The need for Buffer Capital explained

Commissioner Bruce Zagers explained during Tuesday’s Central Committee meeting the need for the Buffer Capital proposal submitted for adoption in the Friday’s Island Council meeting, as was reported by the Daily Herald. He explained that allocating such resources would allow the executive to cover unbudgeted costs while at the same time aligning the island to the required legal framework, FinBES and BBVBES. The fund is expected to increase the financial resilience of the island particularly with regards to assessed high risk such as energy prices or unforeseen investments in communications infrastructure. Other high risk areas to be covered are public housing and the “pension plan for former persons in authority” as well as damage to government buildings. Commissioner Zagers explained that Saba ought to seek to allocate more that the average 5 to 10 per cent allocated in The Netherlands for damage to government property since Saba is in the hurricane belt with properties on a mountainous terrain. The capital, once set aside, would ensure the maximum financial impact on the island by avoiding high insurance fees once properties are assessed.

Councilman Carl Buncamper questioned if the financial high-risk areas noted by Ernest and Young should be the only ones to be considered for the buffer capital. He argued that medium to highrisk areas such as public health expenses, social issues related to vulnerable groups should also be considered. Those aspects not addressed by the central government’s social affairs pillar should be taken into account as a local government financial risk. With regards to public health crises, Buncamper pointed to unforeseen costs associated with dengue or other such issues. With regards to Saban vulnerable groups excluded from social affair provisions, he noted that island government would have to pick up where the central government fails to provide and that this should be brought up within the remittance level allocation.

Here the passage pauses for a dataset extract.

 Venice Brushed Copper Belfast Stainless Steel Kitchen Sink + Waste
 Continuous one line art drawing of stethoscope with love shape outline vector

Commissioner Chris Johnson expressed interest in this approach stating “this is a discussion worth having.” Johnson gave the example of Statia’s government attempting to augment the social pension and being denied last year. The basis for the central government’s decision is believed to be that low levels of social benefits are due to lower taxation on the islands.

Buncamper noted that the beneficiary group for social benefits in the European Netherlands is just as poor of a tax contributor as Saba’s socially vulnerable group. At the same time the European vulnerable social group has access to better social packages than Saba’s and as such an argument is to be made about the island government needing to allocated buffer funds for such challenges. “We need to eliminate being measured by different measuring sticks,” Buncamper stated.